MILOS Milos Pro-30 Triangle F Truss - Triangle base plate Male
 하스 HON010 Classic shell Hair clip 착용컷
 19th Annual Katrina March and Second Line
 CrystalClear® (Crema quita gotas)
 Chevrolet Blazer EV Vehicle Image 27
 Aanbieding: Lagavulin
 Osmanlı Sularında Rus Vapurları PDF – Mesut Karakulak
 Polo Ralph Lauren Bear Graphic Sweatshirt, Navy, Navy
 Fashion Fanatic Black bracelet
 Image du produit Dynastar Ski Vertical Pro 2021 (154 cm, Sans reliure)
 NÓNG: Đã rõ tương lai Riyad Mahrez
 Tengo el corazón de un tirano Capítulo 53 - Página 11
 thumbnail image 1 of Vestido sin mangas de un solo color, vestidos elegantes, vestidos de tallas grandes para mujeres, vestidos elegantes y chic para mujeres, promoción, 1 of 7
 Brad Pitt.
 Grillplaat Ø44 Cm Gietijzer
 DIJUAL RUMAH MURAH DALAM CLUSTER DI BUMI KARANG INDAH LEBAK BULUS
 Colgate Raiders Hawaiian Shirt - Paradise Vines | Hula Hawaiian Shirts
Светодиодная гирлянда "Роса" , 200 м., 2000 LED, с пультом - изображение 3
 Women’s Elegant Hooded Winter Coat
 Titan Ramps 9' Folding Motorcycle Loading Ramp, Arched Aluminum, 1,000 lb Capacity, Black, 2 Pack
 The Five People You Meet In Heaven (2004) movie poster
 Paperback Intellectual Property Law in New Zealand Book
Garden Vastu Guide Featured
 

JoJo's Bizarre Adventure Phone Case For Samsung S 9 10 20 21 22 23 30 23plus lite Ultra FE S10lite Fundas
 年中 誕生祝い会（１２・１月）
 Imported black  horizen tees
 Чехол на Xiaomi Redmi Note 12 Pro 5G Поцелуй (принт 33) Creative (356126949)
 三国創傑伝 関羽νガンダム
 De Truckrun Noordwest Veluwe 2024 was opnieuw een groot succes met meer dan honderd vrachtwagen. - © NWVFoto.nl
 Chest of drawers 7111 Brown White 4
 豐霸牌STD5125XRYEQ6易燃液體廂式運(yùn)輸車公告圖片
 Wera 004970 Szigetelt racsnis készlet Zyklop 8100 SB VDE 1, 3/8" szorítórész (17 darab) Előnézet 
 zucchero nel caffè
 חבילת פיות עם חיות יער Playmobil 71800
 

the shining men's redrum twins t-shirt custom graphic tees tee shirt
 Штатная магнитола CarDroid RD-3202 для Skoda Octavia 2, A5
────────────────
YOUR OBJECTIVE:
Return word for word the lines above from the line with "Women’s Elegant Hooded Winter Coat" to the line with "Garden Vastu Guide Featured", including both and leaving out all others.

RESPONSE TO THIS EXERCISE:
 Women’s Elegant Hooded Winter Coat
 Titan Ramps 9' Folding Motorcycle Loading Ramp, Arched Aluminum, 1,000 lb Capacity, Black, 2 Pack
 The Five People You Meet In Heaven (2004) movie poster
 Paperback Intellectual Property Law in New Zealand Book
Garden Vastu Guide Featured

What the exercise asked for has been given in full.